**What you will do**
Give back the whole listing exactly as written, leaving out each picture.

**Record extracts**

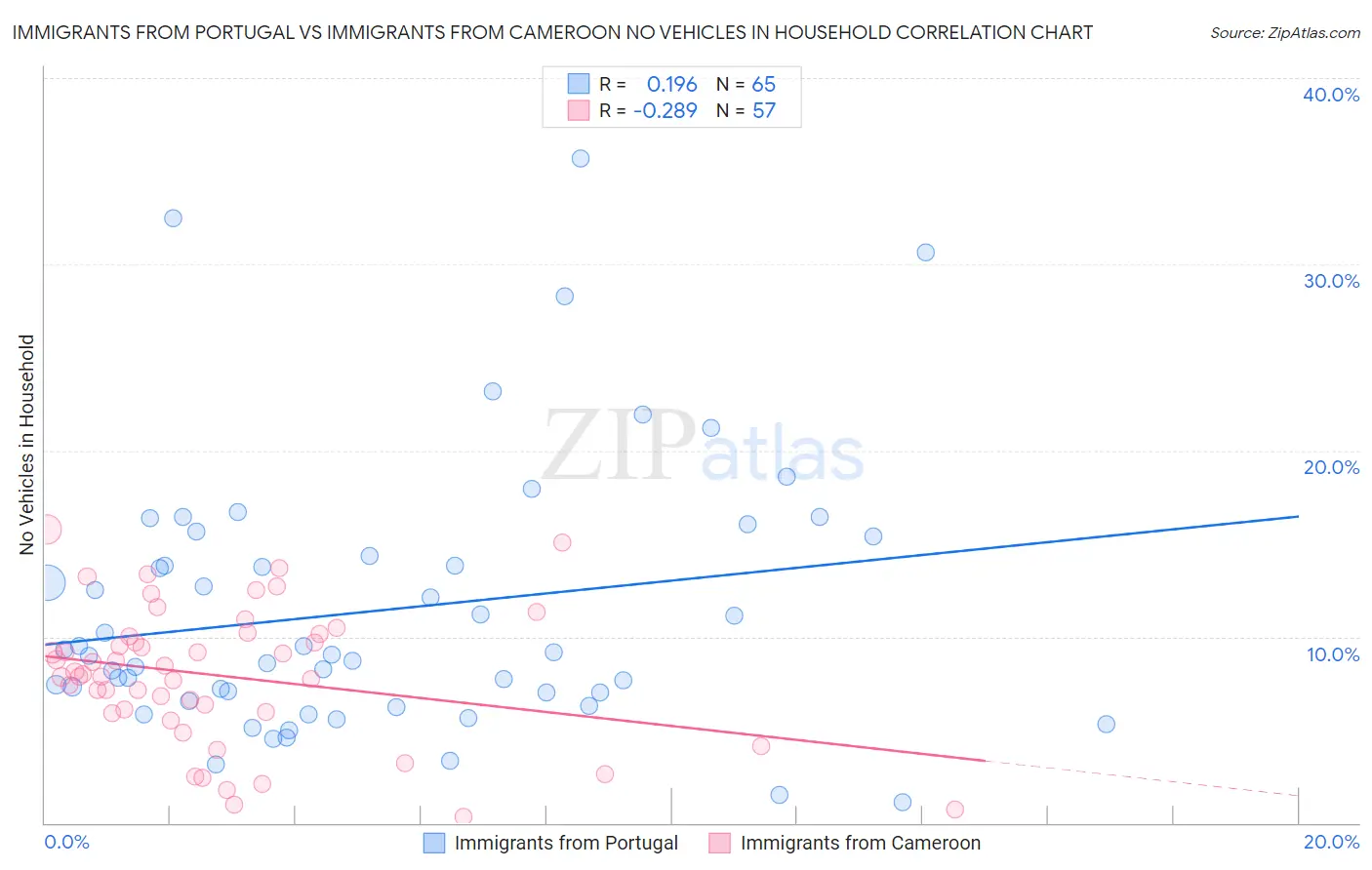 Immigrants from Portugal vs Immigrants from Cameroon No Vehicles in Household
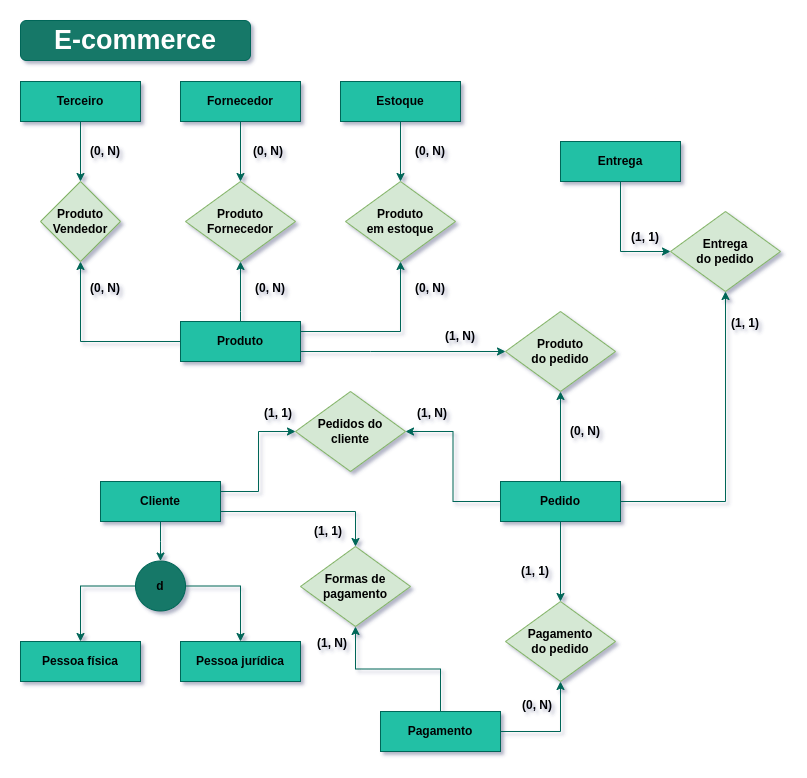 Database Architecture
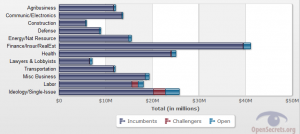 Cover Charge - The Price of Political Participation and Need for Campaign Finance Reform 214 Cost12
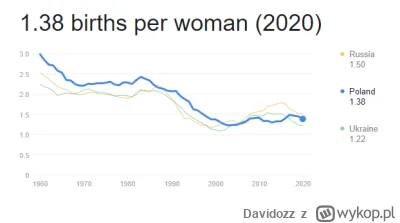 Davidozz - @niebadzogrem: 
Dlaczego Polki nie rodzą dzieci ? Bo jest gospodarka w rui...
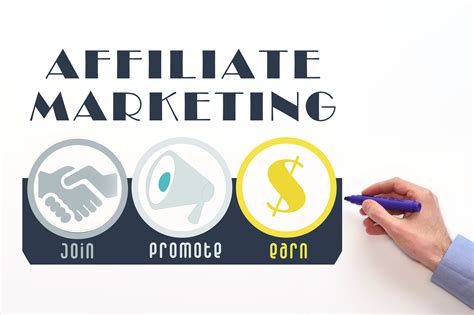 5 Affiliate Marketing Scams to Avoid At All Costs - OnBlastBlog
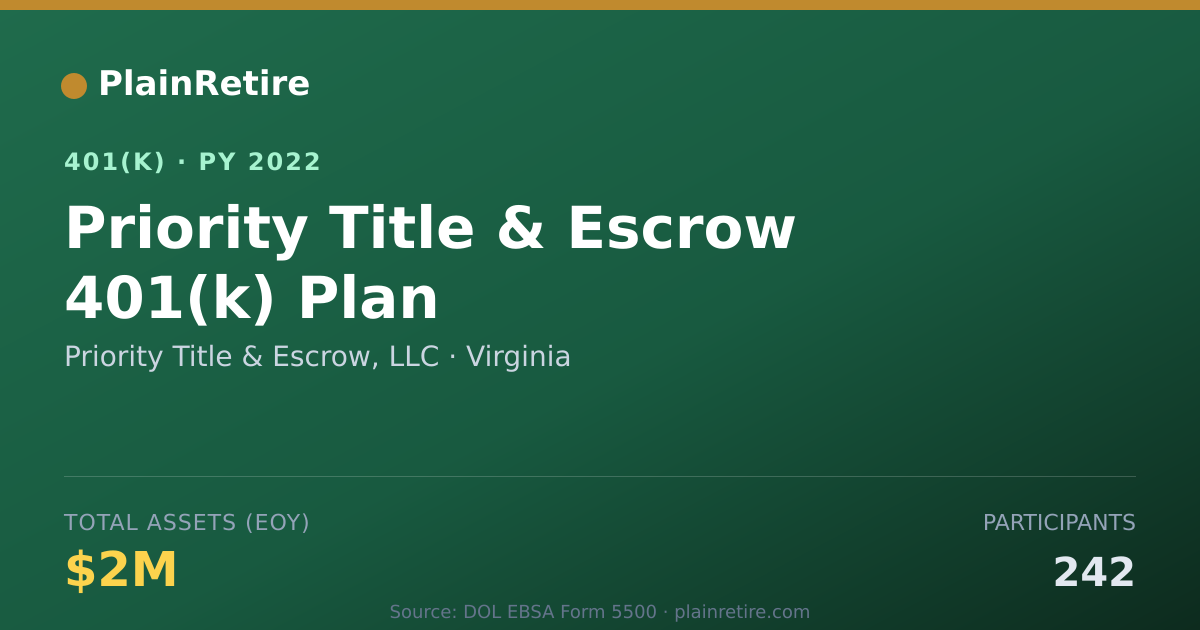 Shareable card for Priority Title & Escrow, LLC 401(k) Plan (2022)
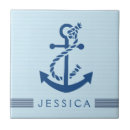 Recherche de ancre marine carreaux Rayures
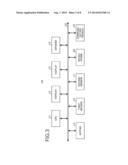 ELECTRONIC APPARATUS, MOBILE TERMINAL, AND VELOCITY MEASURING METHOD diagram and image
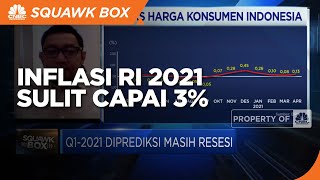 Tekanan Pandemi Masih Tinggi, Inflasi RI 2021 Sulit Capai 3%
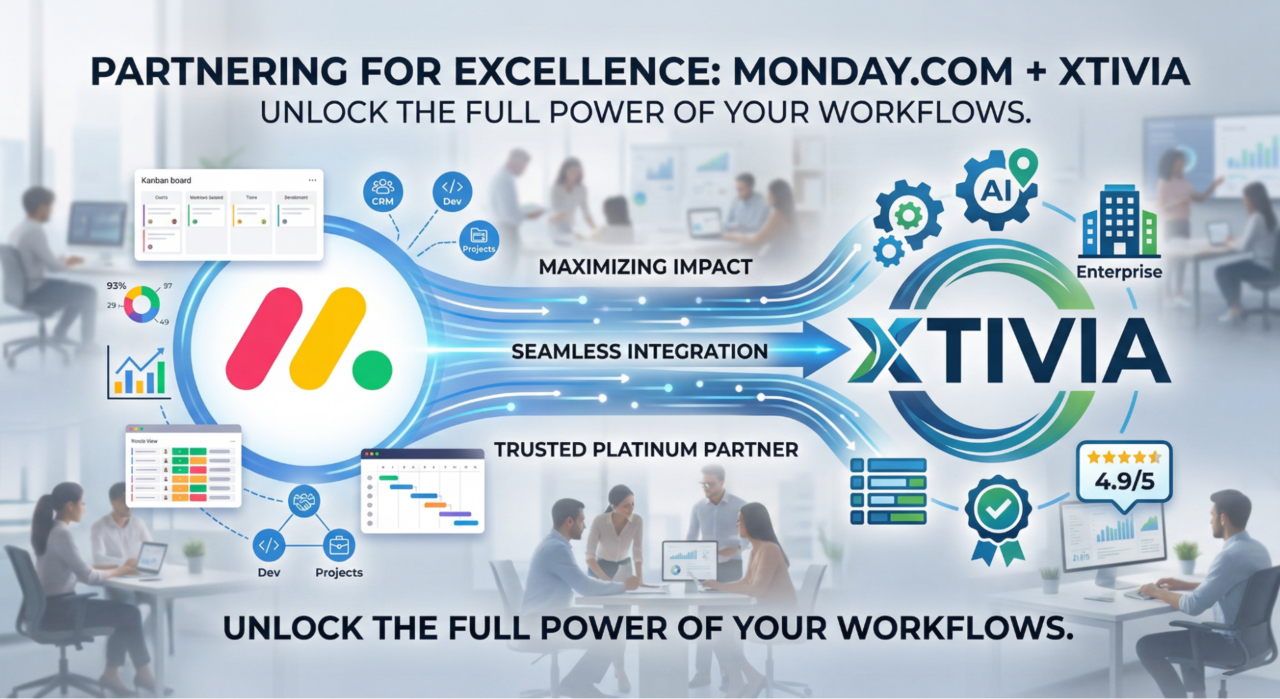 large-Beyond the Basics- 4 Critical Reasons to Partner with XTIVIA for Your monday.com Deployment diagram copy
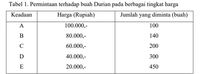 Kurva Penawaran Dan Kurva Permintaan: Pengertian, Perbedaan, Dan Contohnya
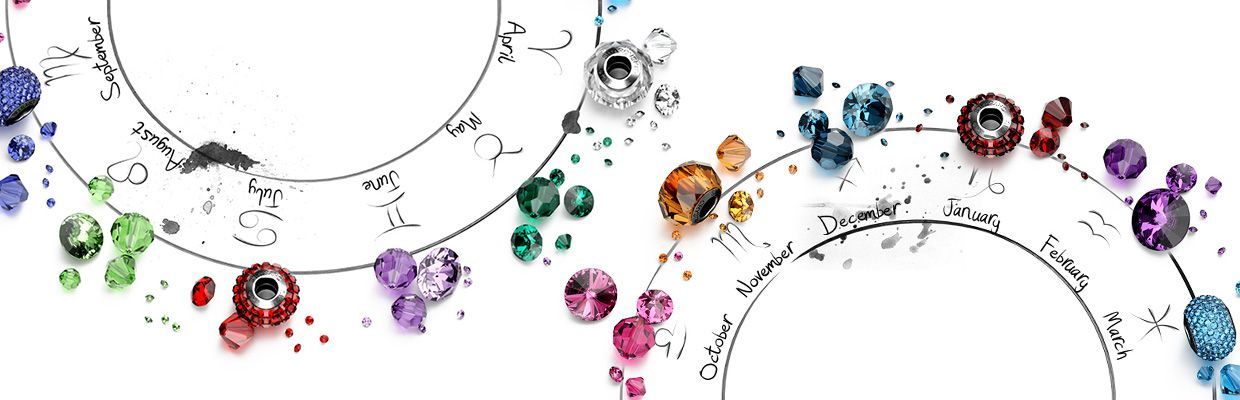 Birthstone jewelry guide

**Exercise response**
 Immigrants from Portugal vs Immigrants from Cameroon No Vehicles in Household
 Database Architecture
 Cover Charge - The Price of Political Participation and Need for Campaign Finance Reform 214 Cost12
 Davidozz - @niebadzogrem: 
Dlaczego Polki nie rodzą dzieci ? Bo jest gospodarka w rui...
 5 Affiliate Marketing Scams to Avoid At All Costs - OnBlastBlog
 Shareable card for Priority Title & Escrow, LLC 401(k) Plan (2022)
 Recherche de ancre marine carreaux Rayures
 ELECTRONIC APPARATUS, MOBILE TERMINAL, AND VELOCITY MEASURING METHOD diagram and image
 Tekanan Pandemi Masih Tinggi, Inflasi RI 2021 Sulit Capai 3%
 large-Beyond the Basics- 4 Critical Reasons to Partner with XTIVIA for Your monday.com Deployment diagram copy
 Kurva Penawaran Dan Kurva Permintaan: Pengertian, Perbedaan, Dan Contohnya
 Birthstone jewelry guide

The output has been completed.